Investigators are worried about what Fallon Blackwood did with more than two dozen horses now missing after investigators say she lied to the horses owners about her plans for these animals.
"It breaks your heart because none of them wanted anything bad to happen to them, they loved them," says Debbie Metcalf, the founder of Stolen Horse International.
Metcalf's website is become a clearing house for at least 28 horse owners across the Southeast, all telling a similar story.
“She kind of became a family member to us and my mom was very attached to Blondie,” says Etowah County horse owner Pamela Reeves.
Reeves met Blackwood through their mutual passion for horses and when Blackwood said she wanted to breed her stallion with Reeves’ mare Blondie, she agreed.
“I told her I would give her Blondie if she would breed her and give her back if she ever got rid of her,” Reeves said.
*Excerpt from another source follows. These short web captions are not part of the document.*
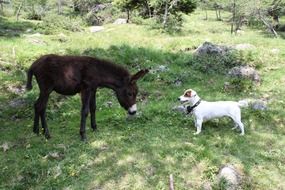 donkey and dog among beautiful nature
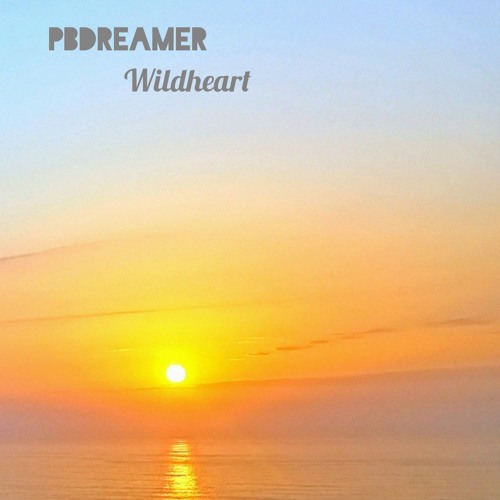 Dj PBdreamer-Wildheart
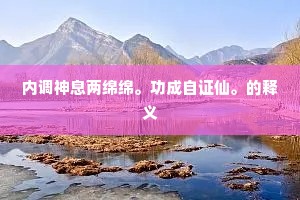 内调神息两绵绵。功成自证仙。的释义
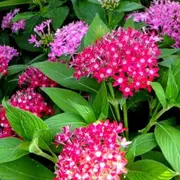 Basta del frío: las plantas que dan flores todo el año.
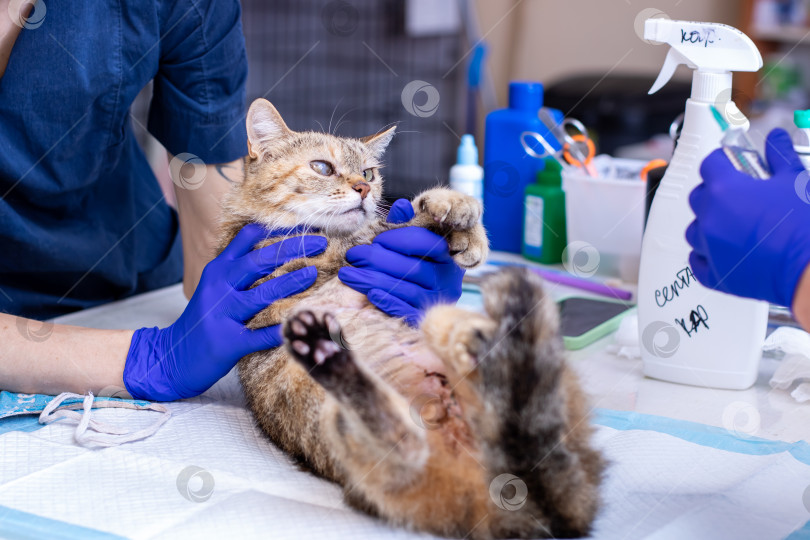 Скачать Домашнюю кошку тщательно осматривает ветеринар в клинике фотосток Ozero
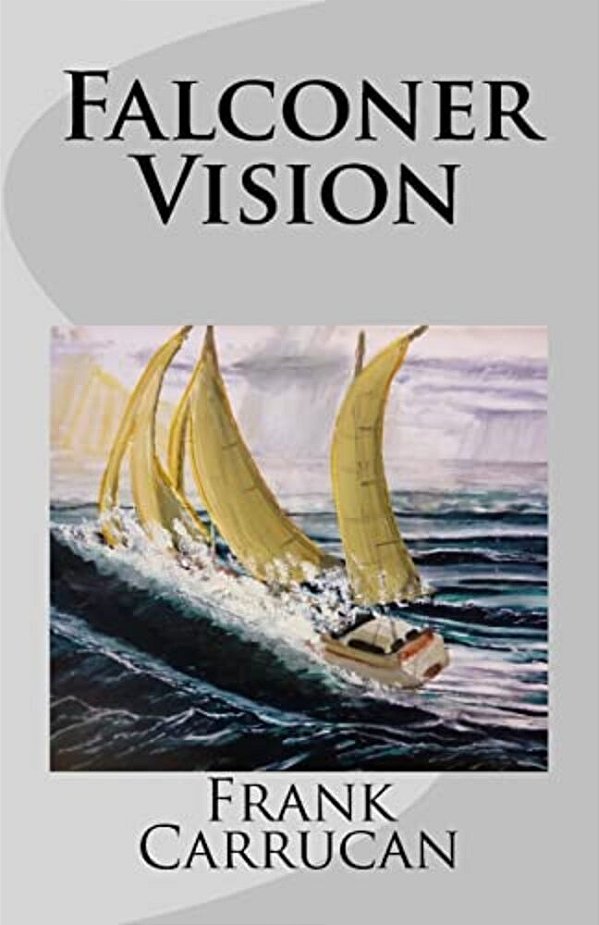 Falconer Vision: Infinite Worlds: Book 2-..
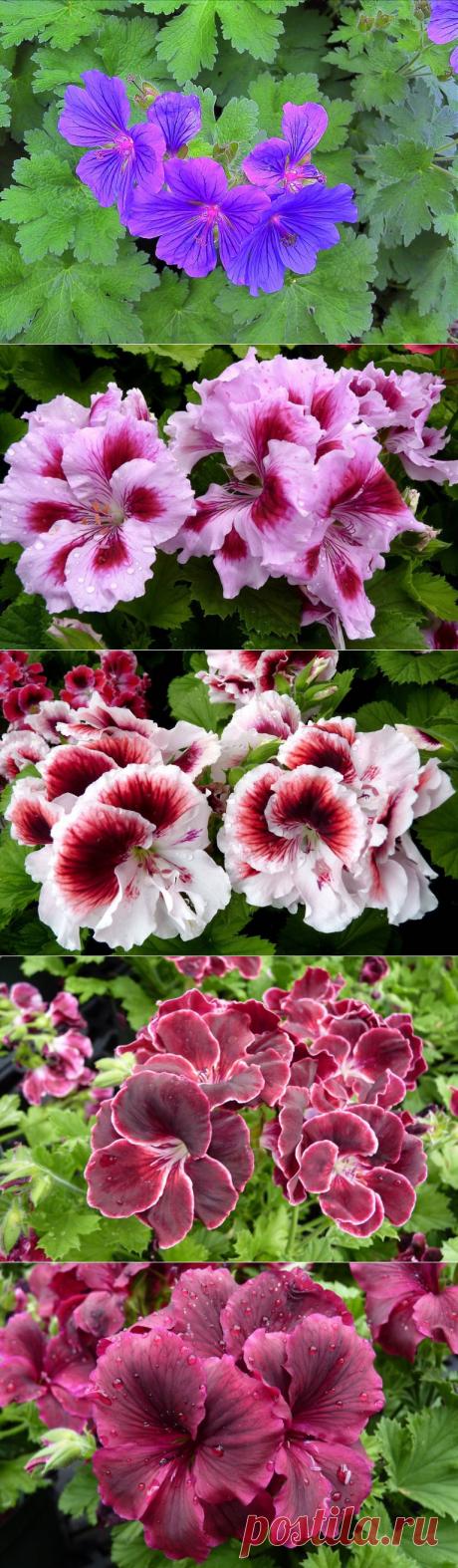 &quot;Тянутся цветы герани за оконный переплет...&quot;.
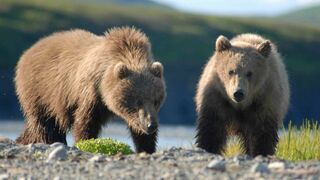 Pod Oszmianą dwa niedźwiedzie zabrały lunch biznesmenom
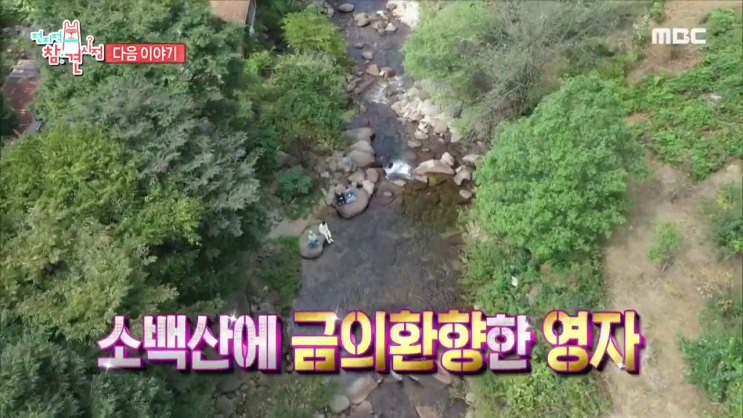 전지적 참견 시점 재방송 126회 전참시 다시보기 시청률 함연지 이영자 전현무 유병재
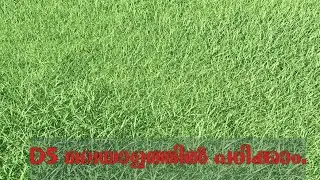 Making grass in D5 render. D5 Malayalam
But about a year later, Reeves started to get worried when Blackwood stopped replying to her calls or messages. Then a few months ago, she saw a Facebook post with Blackwood's picture and a warning that she may be lying to horse owners about where their animals are.
“I'm pretty sure she went to slaughter,” Reeves says.
She doesn't have proof of that yet, but says Blackwood never changed Blondie's registration into her name - a warning sign to Reeves.
“I tear up every time I think about it because Blondie was such a sweet horse. My mom fell in love with her. I hate to think I gave her to Fallon and that might have happened to her,” Reeves continued.
At least one horse in North Carolina has been returned, but Stolen Horse International says at least 28 horse owners with more than 40 horses have filed reports with them, claiming Blackwood mislead them about where their animals are.
Pamela Reeves says she plans to file a police report with the Etowah County Sheriff's Office soon.